On homotopy types of Alexandroff spaces

TL;DR

This paper extends known results about finite Alexandroff spaces to broader classes, characterizing homotopy types, cores, and function spaces, and clarifies the relationship between bounded-paths spaces and their cores.

Contribution

It introduces new classes of Alexandroff spaces, such as finite-paths and bounded-paths spaces, and establishes their homotopy equivalences and core properties, generalizing prior finite space results.

Findings

Bounded-paths and countable finite-paths spaces have cores as strong deformation retracts.

Homotopy equivalence of bounded-paths spaces is characterized by homeomorphic cores.
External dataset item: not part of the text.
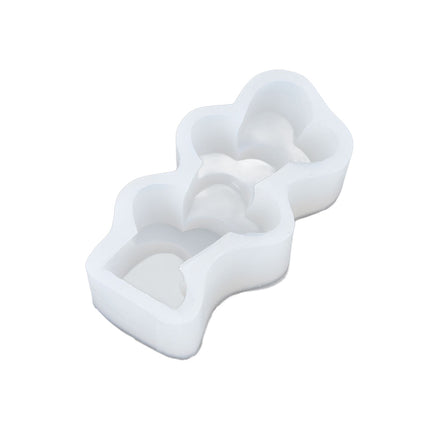 Candle Molds Silicone Easy Demoulding Food Grade Silicone DIY Chocolate Cake Mould for DIY Crafts Home DecorationLove Heart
The compact-open topology on C(X,Y) is Alexandroff for certain space pairs.

Abstract

We generalise some results of R. E. Stong concerning finite spaces to wider subclasses of Alexandroff spaces. These include theorems on function spaces, cores and homotopy type. In particular, we characterize pairs of spaces X,Y such that the compact-open topology on C(X,Y) is Alexandroff, introduce the classes of finite-paths and bounded-paths spaces and show that every bounded-paths space and every countable finite-paths space has a core as its strong deformation retract. Moreover, two bounded-paths or countable finite-paths spaces are homotopy equivalent if and only if their cores are homeomorphic. Some results are proved concerning cores and homotopy type of locally finite spaces and spaces of height 1. We also discuss a mistake found in an article of F.G. Arenas on Alexandroff spaces. It is noted that some theorems of G. Minian and J. Barmak concerning the weak homotopy type of finite spaces and the results of R. E. Stong on finite H-spaces and maps from compact polyhedrons to finite spaces do hold for wider classes of Alexandroff spaces. Since the category of T_0 Alexandroff spaces is equivalent to the category of posets, our results may lead to a deeper understanding of the notion of a core of an infinite poset.